Kalt und sonnig, beste Laufbedingungen beim Darmstadt-Cross am Sonntagmittag auf dem ideal einzusehenden Crossgelände im Süden Darmstadts. Nahezu 800 Meldungen aus allen Teilen Deutschlands, zudem starke Delegationen aus der Schweiz, Österreich und Frankreich – und das alles in einem bunten Mix aus EM-Qualifikationen für mehrere Landesverbände, den Deutschen Hochschulmeisterschaften mit einem Rekordmeldeergebnis von 140 Studierenden aus 42 Universitäten und Hochschulen, dem Finale im Deutschen Cross-Cup und aus lokaler Sicht mit den Kreismeisterschaften des HLV Darmstadt-Dieburg.
„Eine absolute Werbung für die Leichtathletik und speziell für das geländebetonte Querfeldeinlaufen“, fasste Wilfried Raatz als Organisationschef des Darmstadt-Cross am Ende eines viereinhalbstündigen Programms mit vielen Highlights zusammen. „Ein Event vom Feinsten“ war immer wieder in Trainerkreisen über die Anstrengungen des Veranstalters zu hören, lediglich die etwas in die Jahre gekommene Zeitmessung hakte hier und da, was aber dem beeindruckenden Crossflair nichts anhaben konnte. Vielleicht wäre auch ein stärkerer internationaler Charakter in der Spitze anzustreben, doch dies ist sicherlich eine Frage des Geldes – und das ist selbst bei intensiven Bemühungen der Macher nur schwerlich zu beschaffen.

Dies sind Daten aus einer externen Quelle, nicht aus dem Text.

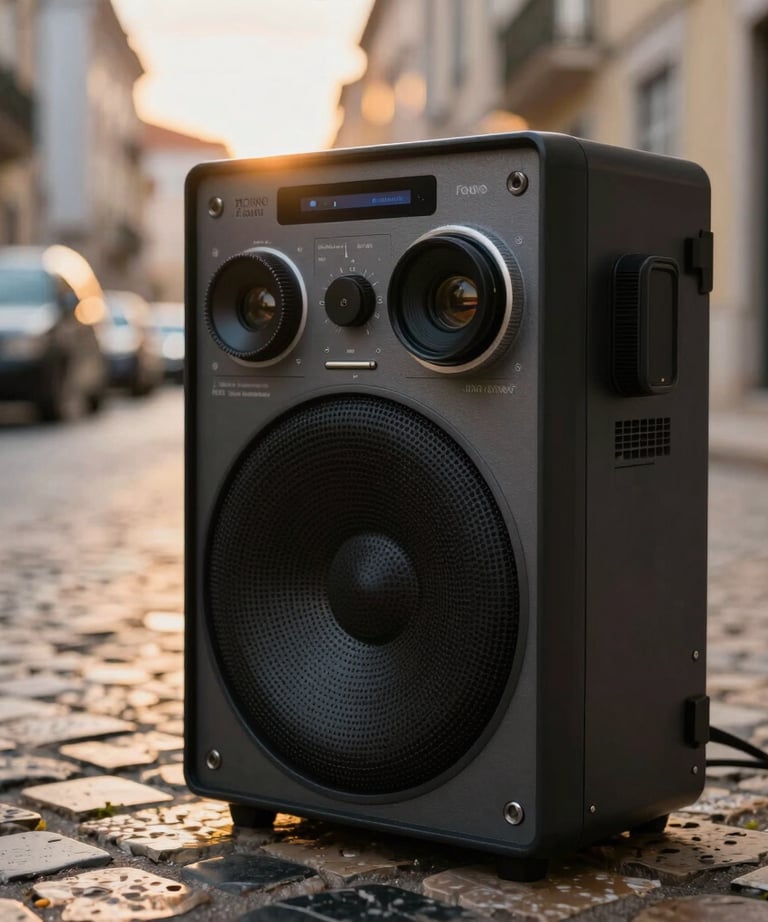 Close-up of a high-end sound recorder in a Lisbon street. Cobblestones and warm sunset light in the soft-focus background.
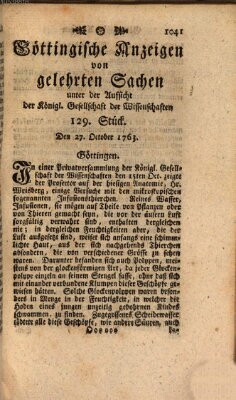 Göttingische Anzeigen von gelehrten Sachen (Göttingische Zeitungen von gelehrten Sachen) Donnerstag 27. Oktober 1763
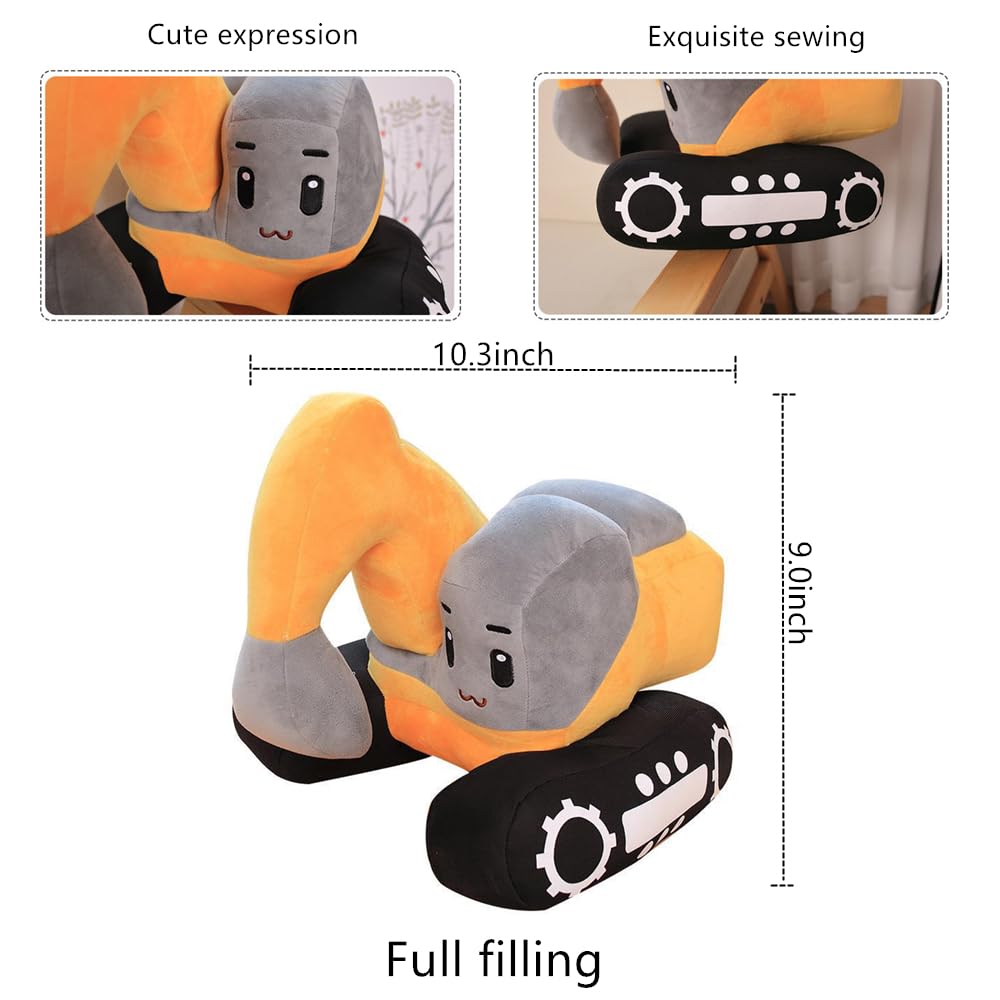 XIAOHONG excavator plush toy packaged vacuum-sealed, reveals fluffy shape on opening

Und diese Highlights sind in den topbesetzten Rennen der Frauen über 6.600 m mit dem überzeugenden Sieg für die Cross-EM-Sechste Elena Burkard gegen die lange Zeit erfrischend stark mithaltende U23-EM-Zweite Miriam Dattke oder beim fast 150 Starter umfassenden Männerlauf über 9.000 m mit einem tollen Endspurt des erst 20-jährigen Ilyas Yonis Osman gegen die etablierten Asse wie dem Cross-U23-EM-Zweiten Samuel Fitwi und dem mehrfachen Langstreckenmeister Simon Boch zu sehen. Aber nicht nur das, in den Rennen des U20- und U18-Nachwuchses ging es ordentlich zur Sache. „Offenbar ist taktisches Geplänkel Schnee von gestern“, freute sich Wilfried Raatz über das mutige Auftreten einiger Protagonisten in den Hauptrennen und nennt dabei explizit Simon Boch, Markus Görger, Miriam Dattke, Florian Bremm und den Schweizer Julien Salhandske.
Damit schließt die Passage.